Camil (CAML3) é resiliente, segundo analistas
A Camil Alimentos anunciou, há cerca de duas semanas, os resultados do terceiro trimestre de 2022. A empresa registrou lucro líquido de R$ 147,1 milhões no período. O número é 22,1% superior ao apresentado no mesmo intervalo de 2021.
De acordo com Pastorello, a Camil pode apresentar certa resiliência por ser uma empresa que tem produtos que vão desde a marca premium até as mais acessíveis.
“Por isso, não vejo uma grande queda na receita da Camil por conta desse movimento que talvez ocorra com uma parte dos clientes. A empresa, justamente por ter essa característica e estar em um setor mais perene, terá que fazer um reajuste à medida que os preços dessas commodities forem subindo. Com relação à estratégia de precificação, será mantida acompanhando o que vem sendo praticado no mercado”, disse Pastorello.
Para Luan Alves, analista chefe da VG Research, a Camil possui uma correlação grande entre o preço da ação e a commoditie (arroz) e, por isso, a empresa deve ser beneficiada nos próximos resultados.
“Temos uma expectativa de alta no alimento devido a baixa produção no ano corrente, o que deve beneficiar os resultados da companhia a frente”, disse Alves.
“A Camil, historicamente, tem conseguido repassar a alta do preço do arroz para o preço de seus produtos, diluindo os seus custos fixos e entregando uma boa rentabilidade.
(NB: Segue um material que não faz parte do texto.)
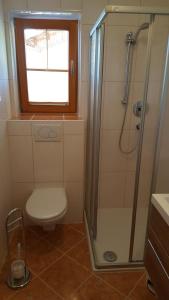 a bathroom with a shower and a toilet and a window at Glaserhof in Gerlosberg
Tem empresas listadas como foi o caso da M.Dias Branco que teve mais dificuldade em repassar o preço do trigo em seus produtos”, completou o analista da VG Research.
M. Dias Branco não tem o mesmo poder de repasse nos preços
Empresa “rival” da Camil, a M. Dias Branco (MDIA3), segundo analistas, é um exemplo de empresa que não consegue repassar tão bem os preços, quando há um aumento devido a inflação.
“A M. Dias Branco, que é uma indústria e produz biscoitos, massas, entre outros produtos, já sofre muito mais com a inflação alta, porque ela precisa muito de trigo, é o principal insumo dela e o trigo foi um dos insumos que mais disparou ainda mais na guerra da Ucrânia, então foi um momento bem mais delicado. A M. Dias também não tem tanto poder de repasse de preços, porque grande parte das receitas dela vem de classes mais baixas. Ela comercializa para as classes B e C”, afirmou Steniski.
Segundo o especialista do TC, a M. Dias Branco sofre mais do que a Camil por ter um ticket menor e mais concorrentes.